I correlati psicologici degli omicidi a sfondo sessuale

Gli omicidi a sfondo sessuale non sono una novità e vengono perpetuati da secoli anche se il fenomeno ha iniziato a suscitare l’interesse dei ricercatori solo a partire dalla metà degli anni ottanta, tanto che tutt’ora manca una definizione condivisa in merito a ciò. Infatti, molti autori adottano un approccio “concreto” secondo il quale si ha un omicidio a sfondo sessuale solo quando prima o dopo l’omicidio ci sono prove di attività sessuale. Un approccio più recente, invece, considera omicidi a sfondo sessuale anche quei casi nei quali si ha un movente di questo tipo pur non in presenza di atti fisici riconducibili alla sfera sessuale. Da un punto di vista psicologico, è centrale mettere in luce come numerose ricerche si siano concentrate sull’identificazioni di possibili disturbi quali antecedenti di omicidi a sfondo sessuale. In particolare, in una rassegna condotta da tre ricercatori inglesi è emerso come, a livello psicologico, si individuino tre macro categorie di antecedenti: i disturbi di personalità, la psicopatia e le parafilie.
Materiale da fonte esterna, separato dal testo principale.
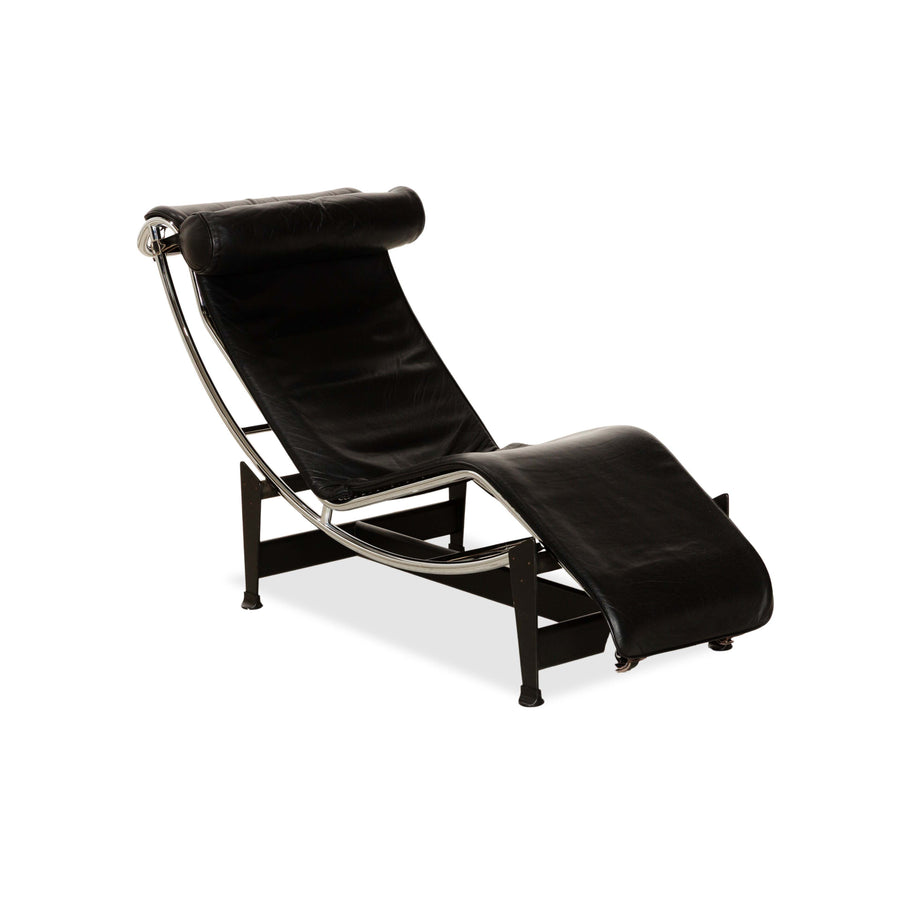 Cassina Le Corbusier LC 4 Leather Lounger Black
Per quel che concerne i disturbi di personalità in letteratura si ritrovano opinioni contrastanti: mentre da un lato gli studiosi concordano sulla presenza di disturbi di questo tipo nelle persone che si sono rese protagoniste di omicidi a sfondo sessuale dall’altro lato non c’è un sostanziale accordo in merito all’identificazione di tali disturbi, tra i quali i disturbi antisociale, borderline, narcisistico e schizoide sembrano essere quelli più comuni nella popolazione di omicidi sessuali. A differenza di ciò, più chiaro sembra il legame con la psicopatia: la psicologia evolutiva ha indicato la preferenza per relazioni a breve termine, la promiscuità sessuale e la mancanza di empatia propri del disturbo come antecedenti teorici dell’omicidio a sfondo sessuale. Per quanto riguarda le parafilie si ha un sostanziale accordo in merito alla centralità del sadismo, soprattutto in relazione agli omicidi multipli; oltre a ciò, sono stati evidenziati legami con altre parafilie come il feticismo, l’esibizionismo e il voyeurismo. In sintesi, scopo di questo articolo non è quello di identificare come possibili omicidi persone con queste caratteristiche, quanto quello di fare luce su un comportamento, purtroppo, in costante aumento solo dalla cui profonda comprensione si può pensare di prevenire e combattere.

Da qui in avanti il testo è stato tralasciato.